I was just wondering if you need moss under your leaf litter or if one or the other is ok? I currently have only leaf litter. What is the downside to straight coco fiber?
Thanks


----------



## boogsawaste (Jun 28, 2008)

One or the other is just fine. The downside to just coco fiber is that it sticks to the frogs and seems to irritate them. The upside to leaf litter besides being a divider between them and the substrate is that it gives them places to hide and also a good spot for microfauna (springtales), to reproduce without being hunted to death.


----------



## widmad27 (Aug 9, 2006)

I personally prefer a little of both. Small patches of moss distributed randomly amongst the tank and some leaf just randomly thrown in the tank seem to give you a natural rain forest ground cover. 

After sometime the moss will make small colonies and begin to look more natural and the leaf litter will begin to decay and form a tight substrate binder on top of the coco fiber. 

Best of luck,


----------



## Kgbower (Jul 9, 2009)

I just have a bunch of mag leaves on the floor, there is also some java moss growing down the side of a piece of drift wood which will hopefully grow on to the substrate over time, if there are small spots of exposed coco is that ok? I assume it is since it would be really difficult to stop your frogs from coming into contact with the coco complety.


----------



## ChrisK (Oct 28, 2008)

Post some pics of it


----------



## brian (Jul 9, 2009)

I know of a few hobbist that just don't like it at all, because of bad issues with frog going in contact with the coco fiber.
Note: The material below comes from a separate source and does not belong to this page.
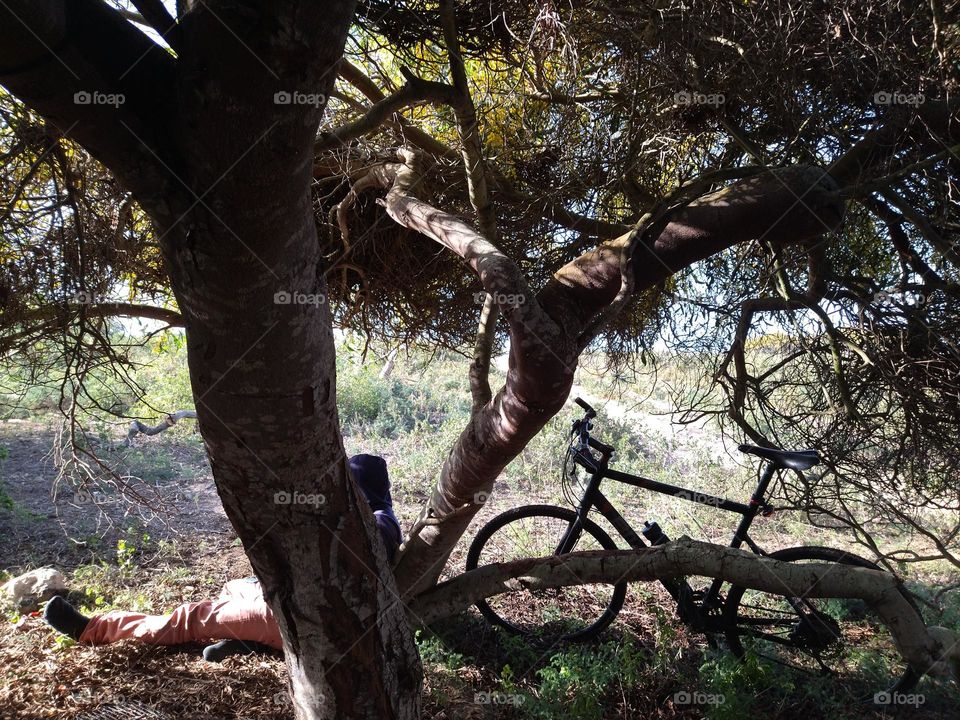 time relaxing in the side trees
Clay balls with moss and leaf litter seems to be the safety way, so why keep using coco fiber, if it might be harmful for our frogs ??


----------



## Suzanne (Dec 28, 2008)

Well, I guess the plants grow better in it, because more nutrients are availlable.


----------



## brian (Jul 9, 2009)

Peat moss Vs coco fiber ??

How about using more % of sand or clay to the mix ?? Any experience with this ??



> Well, I guess the plants grow better in it, because more nutrients are availlable.


Thats true Suzanne, i guess thats why a few just pot plant, easy maintenance.


----------



## boogsawaste (Jun 28, 2008)

brian said:


> I know of a few hobbist that just don't like it at all, because of bad issues with frog going in contact with the coco fiber.
> 
> Clay balls with moss and leaf litter seems to be the safety way, so why keep using coco fiber, if it might be harmful for our frogs ??


I have used aquarium gravel with leaf litter or sphag directly on top many times. Plants seem to do good in it just like that. Wish I had some pictures but off hand I don't think I do. I have recently switched over to ABG mix and am very happy with it as far as not turning into a soggy mess and draining nicely.


----------



## james67 (Jun 28, 2008)

all of my tanks use pea gravel with a layer of sphagnum 1.5+ inches thick and then leaf litter on top. this allows the frogs to hide in the leaves and helps keep them off of the gravel which could get very cold, or shift (stranger things have happened) this method also seems to keep humidity very stable. 

make sure you sanitize both the leaves and moss.
i put them in the microwave (moist with some standing water) and let them go for 10-15 minutes on high.

james


----------